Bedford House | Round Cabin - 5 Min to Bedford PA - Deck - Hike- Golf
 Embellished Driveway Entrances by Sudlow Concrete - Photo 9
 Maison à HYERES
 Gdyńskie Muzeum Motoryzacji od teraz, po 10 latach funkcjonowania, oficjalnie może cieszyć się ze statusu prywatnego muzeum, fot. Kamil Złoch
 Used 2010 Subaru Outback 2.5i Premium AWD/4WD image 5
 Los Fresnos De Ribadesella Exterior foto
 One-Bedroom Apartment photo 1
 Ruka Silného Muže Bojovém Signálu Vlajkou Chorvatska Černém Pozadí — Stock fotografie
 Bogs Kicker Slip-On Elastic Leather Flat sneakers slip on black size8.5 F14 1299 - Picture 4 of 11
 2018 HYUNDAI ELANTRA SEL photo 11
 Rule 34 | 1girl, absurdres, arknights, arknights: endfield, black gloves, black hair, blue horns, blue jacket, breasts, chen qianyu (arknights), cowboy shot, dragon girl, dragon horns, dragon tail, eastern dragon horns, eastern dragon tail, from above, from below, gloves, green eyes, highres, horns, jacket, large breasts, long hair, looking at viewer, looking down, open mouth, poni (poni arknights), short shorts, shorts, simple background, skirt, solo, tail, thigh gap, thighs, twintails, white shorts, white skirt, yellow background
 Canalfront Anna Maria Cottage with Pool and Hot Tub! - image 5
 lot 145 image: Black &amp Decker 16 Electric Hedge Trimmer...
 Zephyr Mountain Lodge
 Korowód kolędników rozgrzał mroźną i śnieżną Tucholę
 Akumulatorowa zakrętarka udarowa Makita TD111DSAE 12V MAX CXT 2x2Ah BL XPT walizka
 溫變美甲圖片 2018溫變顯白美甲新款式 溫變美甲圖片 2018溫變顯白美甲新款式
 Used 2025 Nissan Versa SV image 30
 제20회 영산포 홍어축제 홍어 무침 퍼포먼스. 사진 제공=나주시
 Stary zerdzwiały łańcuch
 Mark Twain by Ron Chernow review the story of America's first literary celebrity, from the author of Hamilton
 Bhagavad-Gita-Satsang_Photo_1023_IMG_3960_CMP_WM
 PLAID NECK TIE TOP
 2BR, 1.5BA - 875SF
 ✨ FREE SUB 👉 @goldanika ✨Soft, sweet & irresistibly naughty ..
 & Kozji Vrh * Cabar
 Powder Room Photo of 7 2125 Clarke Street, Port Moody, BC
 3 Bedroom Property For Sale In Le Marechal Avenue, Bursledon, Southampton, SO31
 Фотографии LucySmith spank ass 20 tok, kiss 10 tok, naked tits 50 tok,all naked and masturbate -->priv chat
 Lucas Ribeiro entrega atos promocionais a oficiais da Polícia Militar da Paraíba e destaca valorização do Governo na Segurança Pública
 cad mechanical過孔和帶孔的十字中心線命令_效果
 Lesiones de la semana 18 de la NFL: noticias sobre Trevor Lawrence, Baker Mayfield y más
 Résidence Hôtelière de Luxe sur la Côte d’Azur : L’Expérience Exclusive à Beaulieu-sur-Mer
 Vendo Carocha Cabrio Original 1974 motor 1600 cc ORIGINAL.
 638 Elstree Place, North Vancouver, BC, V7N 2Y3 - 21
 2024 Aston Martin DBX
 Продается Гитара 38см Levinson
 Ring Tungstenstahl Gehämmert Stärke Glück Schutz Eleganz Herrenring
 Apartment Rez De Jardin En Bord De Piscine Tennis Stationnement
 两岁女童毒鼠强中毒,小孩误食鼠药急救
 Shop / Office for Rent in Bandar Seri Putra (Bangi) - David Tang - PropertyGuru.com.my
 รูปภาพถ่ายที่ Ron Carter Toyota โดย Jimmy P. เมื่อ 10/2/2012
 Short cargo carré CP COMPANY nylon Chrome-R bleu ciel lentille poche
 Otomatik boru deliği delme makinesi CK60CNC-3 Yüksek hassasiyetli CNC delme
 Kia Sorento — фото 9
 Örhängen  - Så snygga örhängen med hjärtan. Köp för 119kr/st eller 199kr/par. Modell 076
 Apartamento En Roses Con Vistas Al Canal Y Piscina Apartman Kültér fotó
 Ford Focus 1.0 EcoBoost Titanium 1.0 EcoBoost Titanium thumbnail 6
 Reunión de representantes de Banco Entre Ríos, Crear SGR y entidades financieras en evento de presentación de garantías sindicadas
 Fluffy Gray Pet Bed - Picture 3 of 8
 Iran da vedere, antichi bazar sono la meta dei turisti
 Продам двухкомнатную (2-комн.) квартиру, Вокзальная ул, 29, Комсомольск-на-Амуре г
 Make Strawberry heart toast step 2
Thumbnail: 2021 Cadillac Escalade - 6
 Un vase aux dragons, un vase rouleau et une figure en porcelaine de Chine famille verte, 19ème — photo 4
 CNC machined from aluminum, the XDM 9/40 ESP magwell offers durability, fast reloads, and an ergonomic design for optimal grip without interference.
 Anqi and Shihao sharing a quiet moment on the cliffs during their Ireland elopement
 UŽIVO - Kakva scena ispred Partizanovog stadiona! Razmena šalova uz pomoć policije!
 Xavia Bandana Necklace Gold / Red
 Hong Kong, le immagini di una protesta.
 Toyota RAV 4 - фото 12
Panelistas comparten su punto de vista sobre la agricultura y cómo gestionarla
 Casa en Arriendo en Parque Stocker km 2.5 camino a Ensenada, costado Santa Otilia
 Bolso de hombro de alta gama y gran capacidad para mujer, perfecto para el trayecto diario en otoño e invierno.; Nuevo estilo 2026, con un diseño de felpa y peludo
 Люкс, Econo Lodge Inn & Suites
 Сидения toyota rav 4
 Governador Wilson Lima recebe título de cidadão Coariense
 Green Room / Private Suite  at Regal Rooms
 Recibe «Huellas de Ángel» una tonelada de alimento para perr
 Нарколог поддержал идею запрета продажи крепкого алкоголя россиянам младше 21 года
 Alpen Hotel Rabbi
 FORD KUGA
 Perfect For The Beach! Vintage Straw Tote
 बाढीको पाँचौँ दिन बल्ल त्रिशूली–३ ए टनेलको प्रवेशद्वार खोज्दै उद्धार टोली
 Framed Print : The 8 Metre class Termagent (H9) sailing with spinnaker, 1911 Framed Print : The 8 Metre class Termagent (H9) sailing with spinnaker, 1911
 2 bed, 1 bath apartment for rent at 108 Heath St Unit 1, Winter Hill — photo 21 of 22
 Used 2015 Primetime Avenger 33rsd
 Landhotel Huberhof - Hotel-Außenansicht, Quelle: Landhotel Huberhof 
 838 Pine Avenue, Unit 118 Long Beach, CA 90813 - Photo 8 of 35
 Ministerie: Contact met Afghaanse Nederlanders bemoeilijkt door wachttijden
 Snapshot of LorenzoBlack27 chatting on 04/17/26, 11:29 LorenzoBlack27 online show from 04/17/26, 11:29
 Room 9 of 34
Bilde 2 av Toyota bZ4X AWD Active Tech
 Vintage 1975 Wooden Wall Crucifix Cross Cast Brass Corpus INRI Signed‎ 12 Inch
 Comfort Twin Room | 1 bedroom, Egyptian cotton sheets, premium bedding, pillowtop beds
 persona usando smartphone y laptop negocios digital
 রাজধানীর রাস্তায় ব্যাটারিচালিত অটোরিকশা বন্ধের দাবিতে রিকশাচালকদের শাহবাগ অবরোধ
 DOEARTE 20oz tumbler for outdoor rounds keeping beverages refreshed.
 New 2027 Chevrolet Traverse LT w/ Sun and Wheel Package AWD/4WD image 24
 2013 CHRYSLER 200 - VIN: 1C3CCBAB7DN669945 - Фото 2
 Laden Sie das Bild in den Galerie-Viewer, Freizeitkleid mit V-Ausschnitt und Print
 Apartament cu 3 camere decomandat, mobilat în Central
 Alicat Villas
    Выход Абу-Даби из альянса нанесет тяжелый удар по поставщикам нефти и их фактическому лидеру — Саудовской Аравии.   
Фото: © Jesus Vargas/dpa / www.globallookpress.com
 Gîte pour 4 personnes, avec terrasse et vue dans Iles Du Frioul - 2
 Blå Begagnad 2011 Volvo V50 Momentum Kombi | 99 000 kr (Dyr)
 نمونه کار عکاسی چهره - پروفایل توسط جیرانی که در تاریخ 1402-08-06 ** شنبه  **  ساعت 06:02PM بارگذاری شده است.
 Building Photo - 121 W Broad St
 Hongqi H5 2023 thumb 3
• • • • • • •
From the material above, set down exactly the lines starting at the one with "Нарколог поддержал идею" and ending at the one with "Comfort Twin Room", end lines included.

 Нарколог поддержал идею запрета продажи крепкого алкоголя россиянам младше 21 года
 Alpen Hotel Rabbi
 FORD KUGA
 Perfect For The Beach! Vintage Straw Tote
 बाढीको पाँचौँ दिन बल्ल त्रिशूली–३ ए टनेलको प्रवेशद्वार खोज्दै उद्धार टोली
 Framed Print : The 8 Metre class Termagent (H9) sailing with spinnaker, 1911 Framed Print : The 8 Metre class Termagent (H9) sailing with spinnaker, 1911
 2 bed, 1 bath apartment for rent at 108 Heath St Unit 1, Winter Hill — photo 21 of 22
 Used 2015 Primetime Avenger 33rsd
 Landhotel Huberhof - Hotel-Außenansicht, Quelle: Landhotel Huberhof 
 838 Pine Avenue, Unit 118 Long Beach, CA 90813 - Photo 8 of 35
 Ministerie: Contact met Afghaanse Nederlanders bemoeilijkt door wachttijden
 Snapshot of LorenzoBlack27 chatting on 04/17/26, 11:29 LorenzoBlack27 online show from 04/17/26, 11:29
 Room 9 of 34
Bilde 2 av Toyota bZ4X AWD Active Tech
 Vintage 1975 Wooden Wall Crucifix Cross Cast Brass Corpus INRI Signed‎ 12 Inch
 Comfort Twin Room | 1 bedroom, Egyptian cotton sheets, premium bedding, pillowtop beds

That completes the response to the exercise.